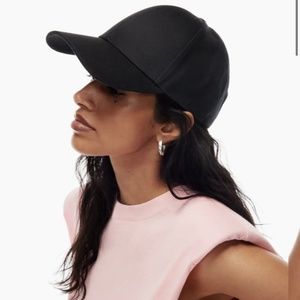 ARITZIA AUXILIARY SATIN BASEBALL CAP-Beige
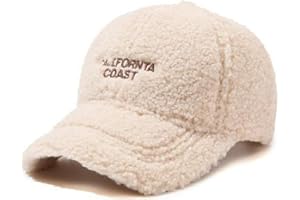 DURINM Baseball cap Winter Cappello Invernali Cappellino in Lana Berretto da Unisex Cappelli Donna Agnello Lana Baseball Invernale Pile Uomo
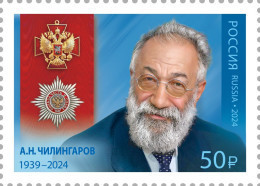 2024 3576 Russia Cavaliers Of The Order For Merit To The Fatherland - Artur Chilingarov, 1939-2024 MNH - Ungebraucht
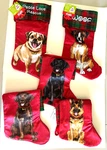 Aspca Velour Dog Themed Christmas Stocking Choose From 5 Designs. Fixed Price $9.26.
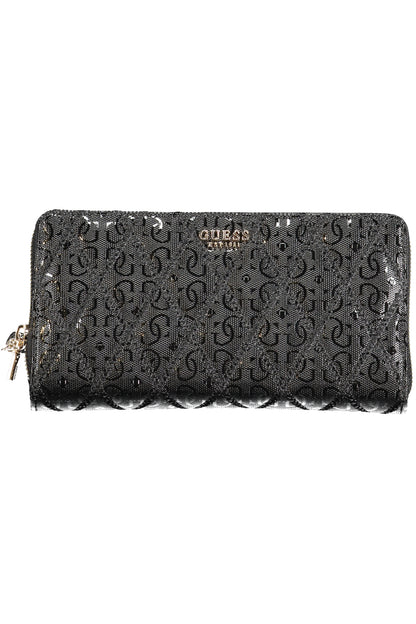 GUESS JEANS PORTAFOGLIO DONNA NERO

PROBLEM DESCRIPTION >> Would you output the full listing exactly as it stands, minus the images?

COMPLETED EXERCISE >>
 ARITZIA AUXILIARY SATIN BASEBALL CAP-Beige
 DURINM Baseball cap Winter Cappello Invernali Cappellino in Lana Berretto da Unisex Cappelli Donna Agnello Lana Baseball Invernale Pile Uomo
 2024 3576 Russia Cavaliers Of The Order For Merit To The Fatherland - Artur Chilingarov, 1939-2024 MNH - Ungebraucht
 Aspca Velour Dog Themed Christmas Stocking Choose From 5 Designs. Fixed Price $9.26.
 GUESS JEANS PORTAFOGLIO DONNA NERO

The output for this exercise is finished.